Almeno il 7% dei farmaci FDA approved e almeno il 18% dei farmaci prescritti in ambulatorio negli USA potrebbero essere fortemente influenzati nell’efficacia e nella safety dalle varianti dei farmacogeni. Oltre a warfarin e antidepressivi, fanno parte di questo gruppo anche alcuni farmaci antivirali, oncologici, immunosoppressori, statine, anti-dolorifici.
“Non è lontano il momento – ritiene O’Donnell – in cui ci guarderemo indietro ed etichetteremo come pratica ‘arcaica’ quella di trattare tutti i pazienti con la stessa malattia, con lo stesso farmaco”.
L’implementazione della farmacogenomica nella pratica clinica ha tuttavia ancora molta strada da fare. Anche se l’FDA ha aggiunto informazioni di farmacogenomica nella scheda clinica di oltre 150 farmaci , non sempre è disponibile un test che aiuti il medico a tradurre queste informazioni in una guida alla prescrizione. Un aiuto in questo senso lo fornisce il consorzio non profit Clinical Pharmacogenetics Implementation (CPIC) che ha redatto delle linee guida su coppie farmaco-gene con evidenze, derivanti da trial randomizzati, sufficienti per influenzare la prescrizione.

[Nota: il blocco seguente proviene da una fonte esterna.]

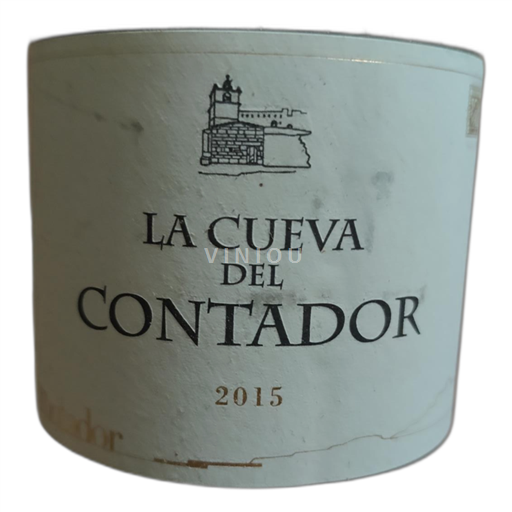 La Rioja Rioja Benjamin Romeo La Cueva del Contador 2015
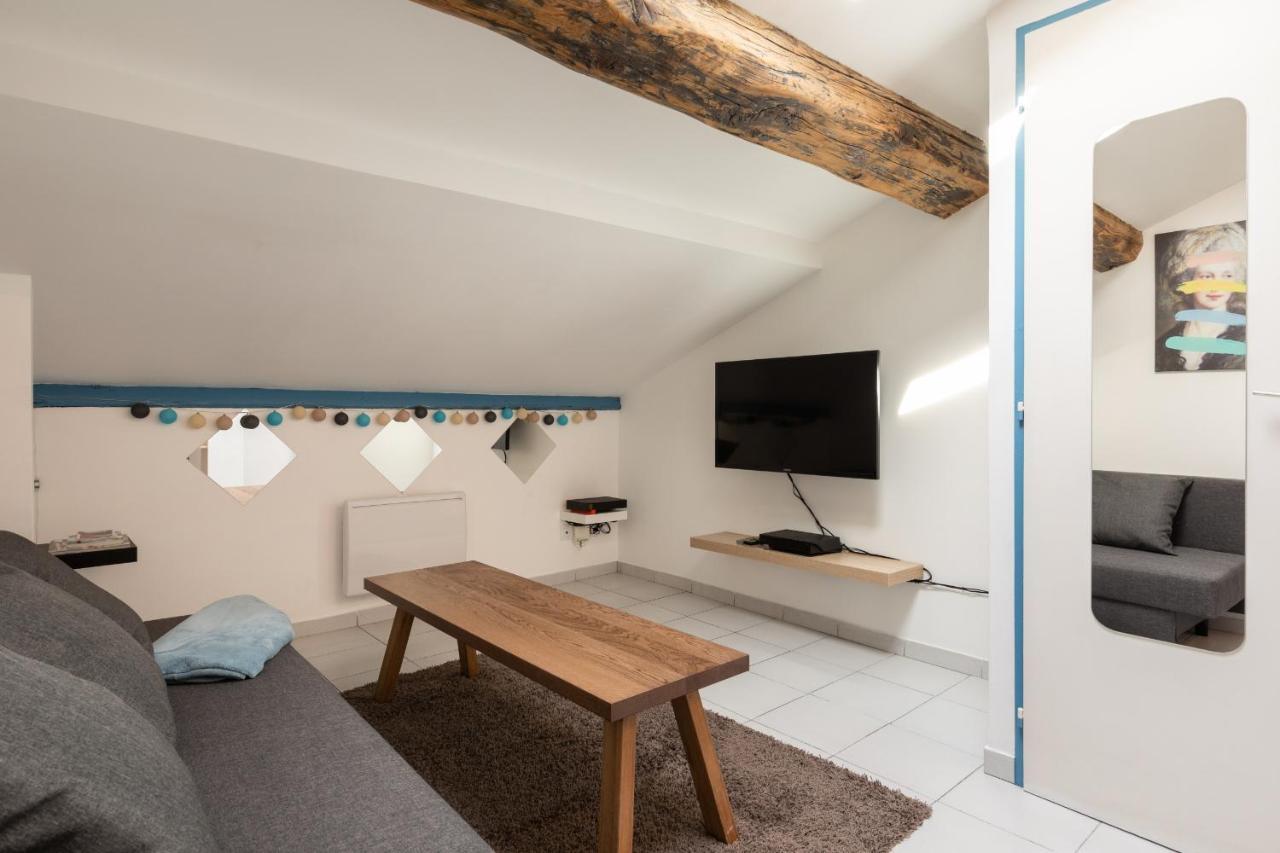 Dify Le Perrache Apartman Lyon Kültér fotó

Il CPIC, progetto congiunto del Pharmacogenomics Research Network dell’NIH e del Pharmacogenetics Knowledge Base (PharmGKB), nelle sue linee guida di pratica clinica si focalizza su 13 geni che influenzano la risposta ad oltre 30 farmaci.
Ma Muin J. Khoury, direttore dell’ Office of Public Health Genomics (OPHG) presso i Centers for Disease Control and Prevention, getta però acqua sul fuoco ritenendo che sia necessario acquisire un maggior numero di dati per la maggior parte delle coppie gene-farmaco per giustificare l’uso routinario di questi test nella pratica clinica.
Qualcosa però esiste già e dall’OPHG fanno sapere che alcuni dei test ‘maturi’ per la pratica clinica riguardano varianti geniche implicate nel funzionamento dell’abacavir (farmaco anti-HIV), la carbamazepina e l’ivacaftor (farmaco per la fibrosi cistica). Non appartengono a questa ristretta lista le varianti geniche implicate nel funzionamento del warfarin ad esempio, secondo alcuni perché gli standard di evidenza adottati dall’OPHG sono troppo stringenti.
Ma intanto l’NIH sta finanziando il network IGNITE (Implementing Genomics in Practice) che su 6 progetti in corso ne ha dedicati 3 all’implementazione della farmacogenomica.
Naturalmente l’avere a disposizione questi test non basta. Un’importante barriera alla loro adozione sta nel fatto che i medici non sono preparati ad interpretarne i risultati e a traslarli nella pratica clinica. Ma ancora una volta è IGNITE a venire incontro, offrendo sul suo sito un pacchetto di risorse per i medici. Anche il CPIC sta aggiornando le linee guida esistenti nell’ottica di facilitare l’implementazione dei test di farmacogenomica.
Un’ultima barriera non da poco è l’attuale mancanza di un rimborso per questi test. E’ ovvio che la rimozione di questo ostacolo potrà dare un grande impulso all’adozione della farmacogenomica nella pratica clinica.